Synaptic Plasticity Deficits in Alzheimer's Disease
Homeostasis of neuronal activity is an important mechanism to prevent extremes in excitation or inhibition. Such mechanisms operate by negative feedback control to adjust neuronal activity to the desired optimum level. Many neurological disorders are associated with brain deviations from normal range of activity. Our collaborator Dr Daniel Pak hypothesize that impaired homeostatic control may be the cause of various neurological disorders including epilepsy and Alzheimer's Disease. These disorders, in particular, exhibit hyperexcitation during pathogenesis- a key characteristic of impaired homeostatic regulation. Amyloid precursor protein is a critical protein in Alzheimer's Disease, but it's physiological and pathological roles on synaptic function are still poorly understood. We are investigating the effect of specific APP phosphorylation sites on synaptic plasticity in primary culture and novel knock-in mice.
Sharp wave ripples and perineuronal nets.
Synchronous neuronal events known as sharp wave ripples (SWRs) have a critical role in memory consolidation, and are critically regulated by the activity of parvalbumin-expressing (PV) inhibitory interneurons. PV interneurons are unique in that they are the major neuronal subtype ensheathed in perineuronal nets (PNNs), components of the extracellular matrix that support and regulate cellular activity. In collaboration with Dr Katherine Conant and Dr Jian young Wu we are investigating the dysregulation of SWRs, PV cells, and the PNNs that surround them via electrophysiology, immunohistochemistry, calcium imaging, and computational modeling.
Microglia morphology and motility
Microglia, the resident macrophages of the CNS, play a central role in the neuroinflammatory response that characteristic of many brain disorders. A specific pattern of changes in microglial physiology, motility and morphology have been described in the animal model of Alzheimer's Disease. In collaboration with Dr William Rebeck we aim to further characterize morphology and the microglial motility response to ATP in brain slices of d APOE knock-in mice, which express the human APOE alleles under the endogenous mouse APOE promote.

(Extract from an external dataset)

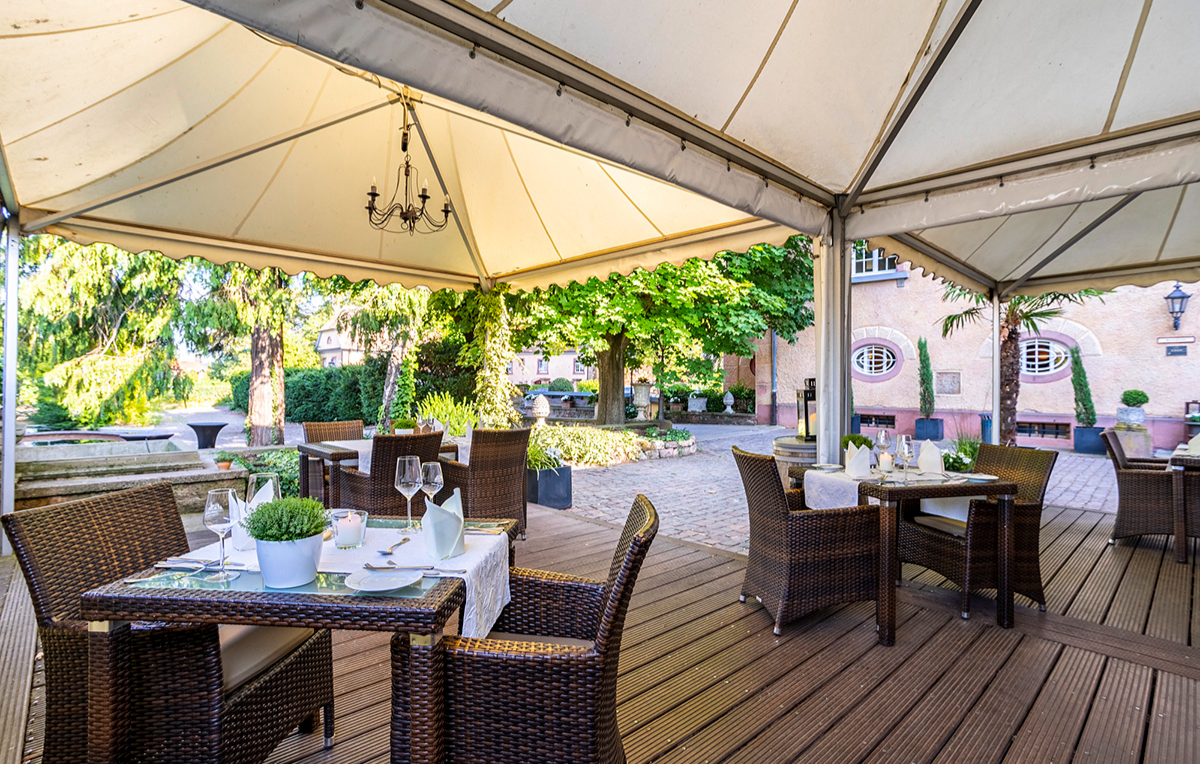 2 Tage (1 Übernachtung) 2 Romantikurlaub inkl. Dinner Edesheim für 2 (1 Nacht) inkl. Halbpension 2 Tage (1 Übernachtung) 2 Romantikurlaub inkl. Dinner Edesheim für 2 (1 Nacht) inkl. Halbpension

Alterations of synaptic plasticity after neonatal anticonvulsant exposure
Seizures in neonates are a common occurrence after hypoxia (or hypoxia-ischemia); these seizures are typically aggressively treated with anticonvulsant drugs. Hypoxia-induced seizures are associated with a profound increase in risk for later-in-life seizures, as well as significant developmental delays and intellectual disabilities. The major goals of this project in collaboration with Dr Patrick Forcelli are to evaluate with local field potential and patch-clamp recordings from hippocampal neurons the effect on excitatory synaptic transmission and synaptic plasticity of hypoxia-induced seizures and the effect of most common anti-seizure drugs used in infants.
Synaptic adaptations consequent to high-frequency head impacts.
Repeated head impact exposure in athletes can cause memory and behavioral impairments. In collaboration with Dr Mark Burns we are studying in hippocampal neurons brain slices synaptic adaptation after exposure to non-damaging, but high frequency, head impacts that underlie changes to cognition. Our work use combination of electrophysiology and calcium imaging and focus on neurons identified to be part of memory engrams with parallel behavioral conditioning.